Canada was estimated to have a population of 35.09 million people in July 2015 compared to 8.11 million Jordan in the same year (CIA, 2015). However, Jordan had a larger share of refugees from neighboring countries like Iraq and Syria fleeing war, and this affected access to healthcare services for those who were not Jordanian citizens. The health laws in Jordan are more fragmented given the mix of healthcare service providers, and there has been increased recognition for a more cohesive framework to improve the healthcare industry (Business Monitor.
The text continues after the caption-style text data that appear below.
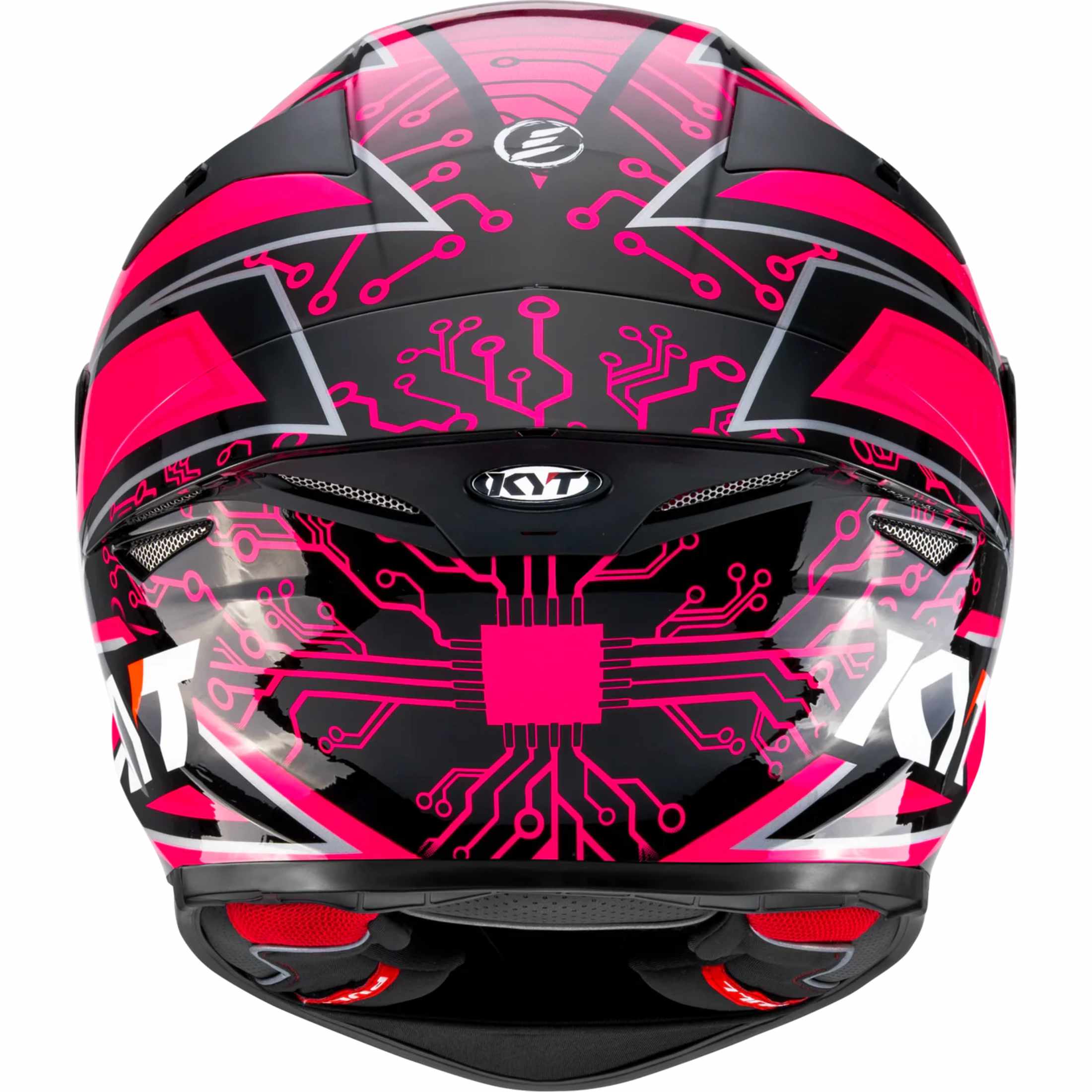 KYT TT-REVO Special Editions Hyper Pink Adult Street Helmets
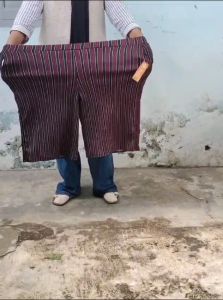 Celana Kulot Pendek Super Jumbo Crepe: Desain Nyaman & Ukuran Luas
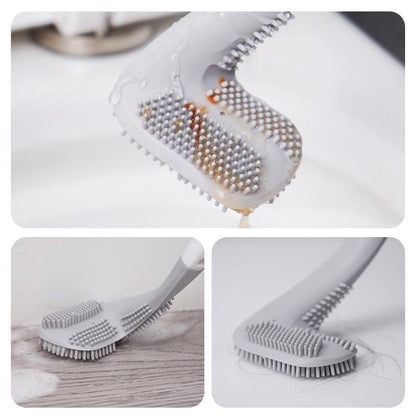 BowLift | Long-handled toilet brush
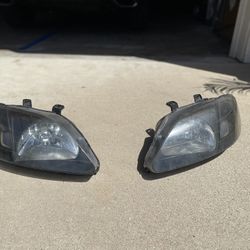 Honda Civic headlights 96-00 1(contact info removed) 1(contact info removed) 2000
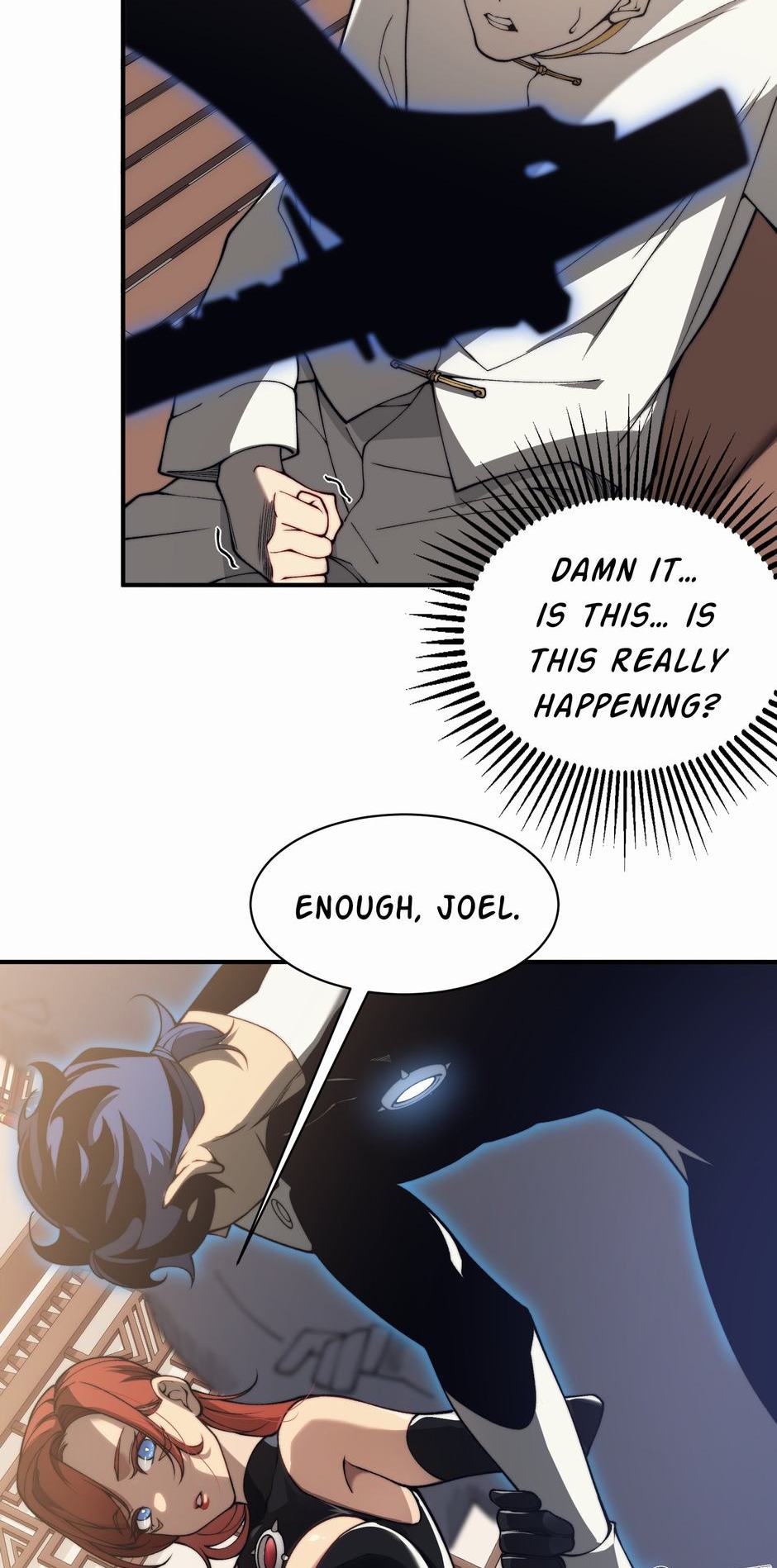 Read The Devil Never Cries Manga Online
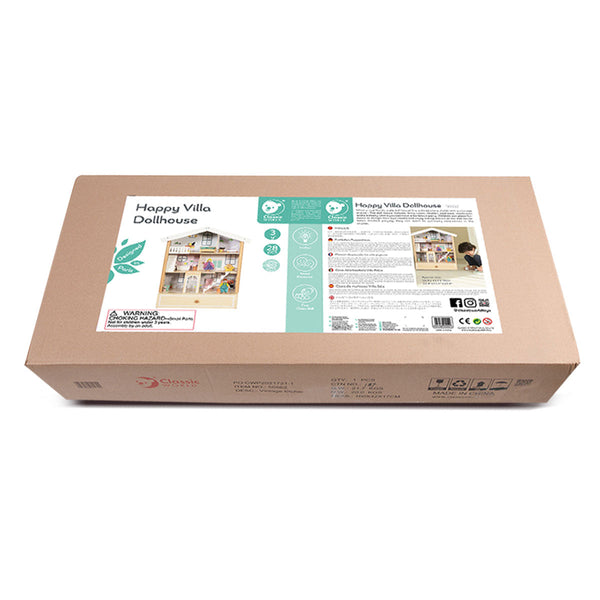 Classic World Happy Villa Dollhouse Cortex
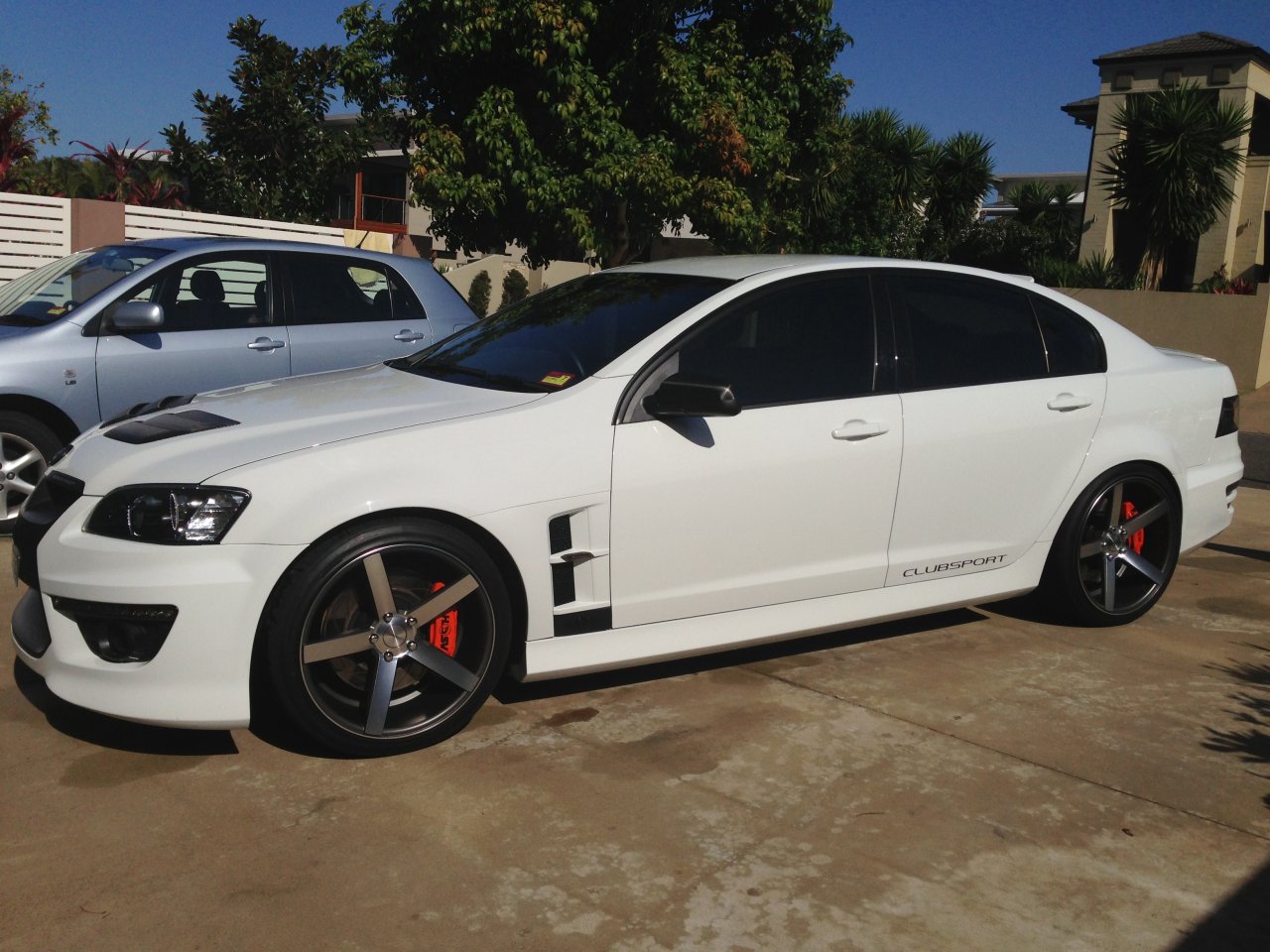 2012 Hsv Clubsport R8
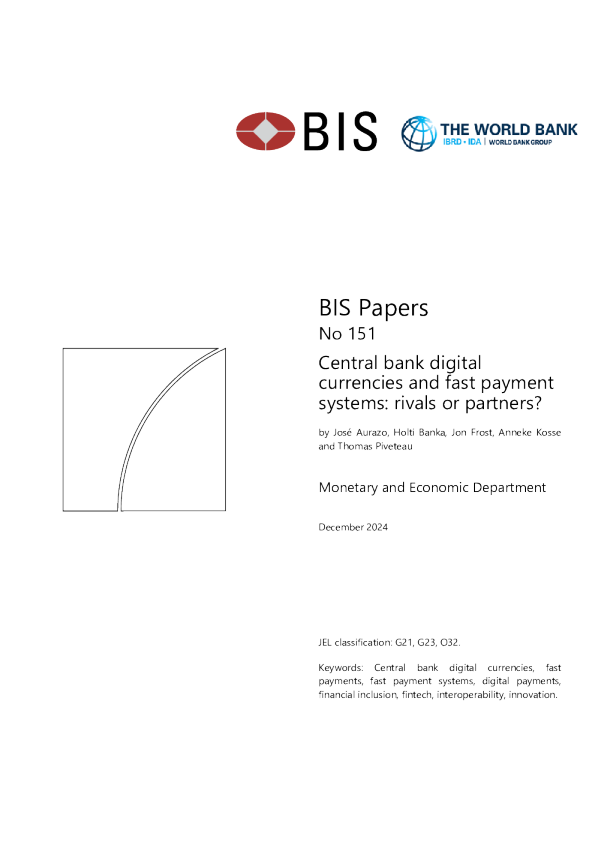 央行数字货币和快速支付系统 ： 竞争对手还是合作伙伴 ？
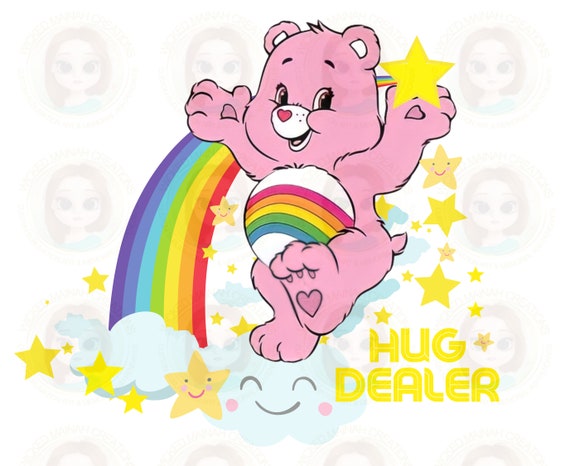 hug dealer care bear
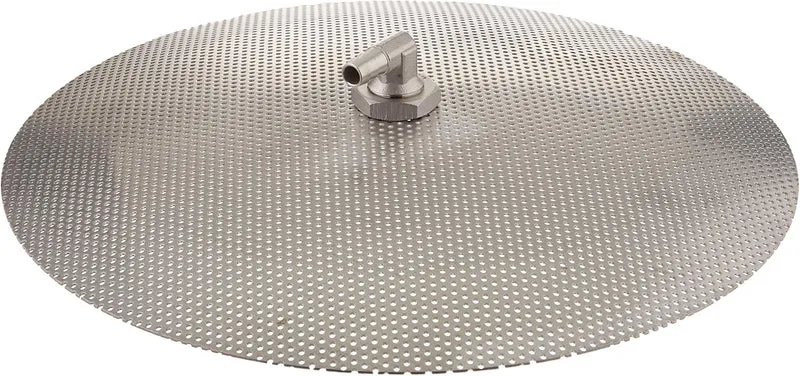 Mash Tun Cooler Conv Kit SS False Bottom 10 Gal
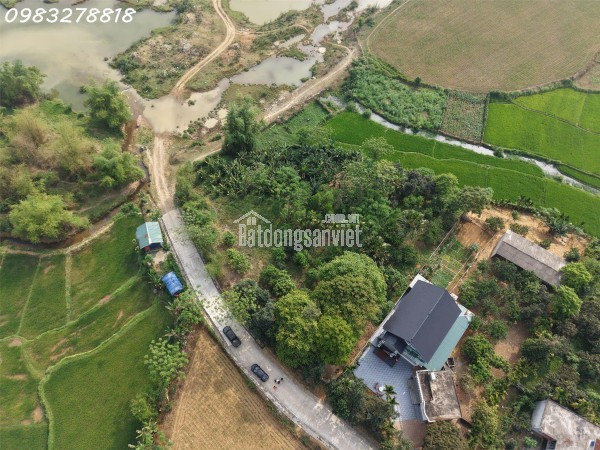Đất View sông Bôi siêu đẹp, siếu thoáng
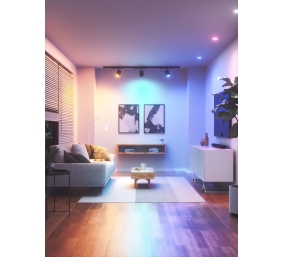 Nanoleaf Essentials Matter Wi-Fi Smart Bulb, 3pcs | GU10 | RGBCW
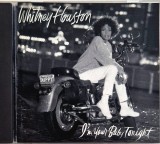 Whitney Houston &lrm;&ndash; I&#039;m Your Baby Tonight _ NM /NM muzica pop _ Arista SUA 1990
Com, 2015).
Research objectives
The main goal of a healthcare system is to improve heath provision while responding to the peoples’ expectations and ensuring financial protection from the costs associated with ill health hence having quality health care is taken into account when assessing the viability of a health care system.
To compare Canadian and Jordanian healthcare system, including functioning of the systems and attempts to cover the uninsured people.
To highlight the impact of government’s role on the health system and market competition.
Research design and methods
The research designs focuses on the health indicators between the two countries from publicly available data specially information from the countries government, and the World Health Organization. The latest data was preferred, with the outcomes showing the differences thatdistinguish the healthcare system as well as the healthcare industry outlook in the two countries. However, there was less information on Jordan written in English. To further understand the effectiveness of the healthcare system, there is a need to highlight how the choice of insurance coverage affects availability of health services for citizens, permanent residents and refugees of Canada and Jordan. To frame the discussion on the comparison of the Canadian and Jordanian healthcare system, the context is necessary to describe the differences based on the demographic profiles, health insurance coverage plans as well as the health and economic indicators.
Drug funding decisions
Even though, the Canadian system is publicly funded, there were differences on how the provinces and territories integrated medications in the insurance programs. With the aim of avoiding duplication and standardizing procedures, the Common Drug Review (CDR) was established in 2002 with the aim of determining the prescription of medications (Clement et al., 2009). The CDR provided recommendations for newly listed drugs to be utilized in the publicly funded plans, with manufacturers submitting medications to the CDR. the professionals are then tasked with determining the safety and effectiveness of medications, and recommendations provided for the drug plan (Clement et al., 2009). On the other hand, the Drug funding decision in Jordan is through the public and private means with health expenditures accounting for 10% of the GDP (Lafi, Robinson & Williams, 2012). There have been propositions for the pharmaceutical industry to cover 30% of the healthcare expenditure (Lafi, Robinson & Williams, 2012). The Jordanian government has followed this model with the aim of purchasing cost-effective drugs, identifying thresholds on what is to be included or excluded as the cost-effective medications (Lafi, Robinson & Williams, 2012).